It may just be a fungus, and the tree will only just need a treatment of fungicide, but the Emerald Ash Borer is such a serious pest, that you need to have a professional on site to look at the tree and determine the cause of the issue.
We are putting in a pool and a couple of our 10-year-old trees (ornamental pear and ash) got a root clipped in the process (just one). They possibly have not been getting enough water during the last few weeks, either, as we have been hand watering. It's been 3+ weeks and they do look sort of dry. Is there anything I can do, other than water a lot, to keep them from dying?
What is happening to them is a lot like transplant shock, so this article will help: https://www.gardeningknowhow.com/plant-problems/environmental/learn-how-to-avoid-and-repair-transplant-shock-in-plants.htm
The claret Ash planted some years ago now is approximately 15 meters tall and continues to send out suckers around the base. Other than sawing off from time to time, is there another method to prevent this please?
Continual suckers indicate the tree feels it is stressed. Is there something in its environment stressing it? If this is the case, correcting that stress will stop the suckers.
I have a one and half acre plot grassed, which I keep cut and clippings collected. My problem is there are thousands, and I really mean thousands, of fungi growing in the area. There are probably a couple of hundred different types. The problem really started last year along the line of the old roots of big ash trees that I cut down about 5 years ago. What can I do to get rid of them? The ground does not drain well, although it's on a slope.

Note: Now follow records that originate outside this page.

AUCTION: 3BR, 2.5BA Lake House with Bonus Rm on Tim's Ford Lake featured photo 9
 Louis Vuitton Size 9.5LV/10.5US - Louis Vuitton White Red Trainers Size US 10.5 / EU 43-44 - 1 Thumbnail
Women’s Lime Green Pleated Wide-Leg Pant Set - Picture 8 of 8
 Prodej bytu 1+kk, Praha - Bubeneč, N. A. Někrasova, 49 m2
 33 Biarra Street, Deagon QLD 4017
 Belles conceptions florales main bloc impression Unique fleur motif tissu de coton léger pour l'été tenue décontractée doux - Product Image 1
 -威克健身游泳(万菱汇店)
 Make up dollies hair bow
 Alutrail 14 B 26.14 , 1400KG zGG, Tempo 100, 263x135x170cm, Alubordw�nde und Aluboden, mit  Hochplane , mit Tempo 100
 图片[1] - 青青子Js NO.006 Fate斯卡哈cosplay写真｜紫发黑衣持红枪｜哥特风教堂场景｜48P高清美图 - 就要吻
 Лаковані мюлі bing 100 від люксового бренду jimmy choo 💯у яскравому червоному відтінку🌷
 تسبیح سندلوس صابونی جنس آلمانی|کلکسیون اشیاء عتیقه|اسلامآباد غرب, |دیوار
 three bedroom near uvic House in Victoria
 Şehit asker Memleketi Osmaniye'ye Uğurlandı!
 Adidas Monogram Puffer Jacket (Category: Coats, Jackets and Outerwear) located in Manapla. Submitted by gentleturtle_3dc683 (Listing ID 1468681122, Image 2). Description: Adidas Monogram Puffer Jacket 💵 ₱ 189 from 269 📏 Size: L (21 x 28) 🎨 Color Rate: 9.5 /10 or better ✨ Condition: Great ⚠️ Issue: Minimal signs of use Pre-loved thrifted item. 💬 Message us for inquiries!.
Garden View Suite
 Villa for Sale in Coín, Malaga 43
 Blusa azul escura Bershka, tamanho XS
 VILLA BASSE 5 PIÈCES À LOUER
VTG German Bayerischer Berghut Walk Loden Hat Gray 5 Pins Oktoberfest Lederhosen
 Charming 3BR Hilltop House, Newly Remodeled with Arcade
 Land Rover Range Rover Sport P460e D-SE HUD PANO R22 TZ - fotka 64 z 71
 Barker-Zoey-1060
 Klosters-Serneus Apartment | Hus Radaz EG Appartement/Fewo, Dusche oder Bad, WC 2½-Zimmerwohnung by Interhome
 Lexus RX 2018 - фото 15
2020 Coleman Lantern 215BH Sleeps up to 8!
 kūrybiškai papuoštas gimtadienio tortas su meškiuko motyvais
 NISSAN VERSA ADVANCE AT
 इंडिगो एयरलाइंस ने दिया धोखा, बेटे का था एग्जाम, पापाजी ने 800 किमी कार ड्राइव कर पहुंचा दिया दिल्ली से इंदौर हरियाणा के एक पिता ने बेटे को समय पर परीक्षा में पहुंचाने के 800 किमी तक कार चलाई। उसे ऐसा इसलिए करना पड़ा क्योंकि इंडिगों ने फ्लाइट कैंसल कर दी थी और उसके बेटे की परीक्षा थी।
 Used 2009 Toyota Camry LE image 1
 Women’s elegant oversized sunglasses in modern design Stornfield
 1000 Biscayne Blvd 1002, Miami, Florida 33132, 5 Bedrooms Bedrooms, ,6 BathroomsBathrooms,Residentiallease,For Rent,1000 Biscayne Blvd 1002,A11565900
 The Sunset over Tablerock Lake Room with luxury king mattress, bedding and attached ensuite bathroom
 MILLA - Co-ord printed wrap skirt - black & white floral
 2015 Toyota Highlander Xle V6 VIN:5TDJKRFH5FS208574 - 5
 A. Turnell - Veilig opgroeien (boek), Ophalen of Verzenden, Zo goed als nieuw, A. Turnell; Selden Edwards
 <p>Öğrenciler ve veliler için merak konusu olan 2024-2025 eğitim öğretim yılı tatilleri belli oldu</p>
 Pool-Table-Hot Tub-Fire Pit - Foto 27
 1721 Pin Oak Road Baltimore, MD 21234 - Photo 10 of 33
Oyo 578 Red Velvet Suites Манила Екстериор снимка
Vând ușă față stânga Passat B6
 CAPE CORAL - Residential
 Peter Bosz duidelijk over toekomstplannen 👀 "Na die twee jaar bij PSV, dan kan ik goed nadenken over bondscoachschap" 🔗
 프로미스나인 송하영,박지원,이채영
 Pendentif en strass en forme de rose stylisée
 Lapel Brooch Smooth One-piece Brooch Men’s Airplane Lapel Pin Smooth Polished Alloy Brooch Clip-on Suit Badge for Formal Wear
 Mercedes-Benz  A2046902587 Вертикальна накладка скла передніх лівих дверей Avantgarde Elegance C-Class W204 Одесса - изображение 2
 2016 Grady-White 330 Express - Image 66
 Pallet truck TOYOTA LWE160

Pinpointing the exact type of fungus that is affecting your lawn may be diffcult as there are many. Nonetheless, you will need to use a fungicide on it. This article will help: https://www.gardeningknowhow.com/lawn-care/lgen/grass-fungus.htm
We have what we think is an ash tree and sometimes in spring and summer, it puts out a white to greyish sticky substance and the leaves curl. The substance falls on everything in the surrounding area. Do you know what this could be and can it be prevented?
I have an ash tree that did the same thing. It turned out to be tiny worms that rolled up in the leaves, the tree dripped gooey stuff and had the same thing with stuff falling on the ground. The tree looked sick. I got some Bayer Tree and Shrub granules and applied them around the base of the tree as the label instructed. Soon things cleared up. The following year I did the same application early in the spring so as to get ahead of the pests. It worked too and the tree had no problems. I do that same application each early spring now and the problems have not come back. There is a systemic insecticide in the Bayer product that keeps things under control and it feeds the tree too.
I have an ash tree that is well over 20 years old. The leaves from some top branches are turning brown and falling off. This has never happened before. We have it trimmed every couple of years. This is a wonderful tree and I really hate to lose it. Do you have any ideas what may be causing the problem, and is there anything I can do to save it?
I too have an old ash tree, actually two of them. One of them had problems with some kind of worm or caterpillar that would cause the upper leaves to roll up, turn brown and die. Sometimes it dripped a slimey goo as well. I told a gentleman at our local nursery about it and asked about a spray for it. He advised me that spraying does not work so well many times, so he showed me a product called Bayer Tree & Shrub. It is a fertilizer as well as a systemic insecticide. I feed the trees with it once every year and have had no further problems. Therefore, I recommend the same to you.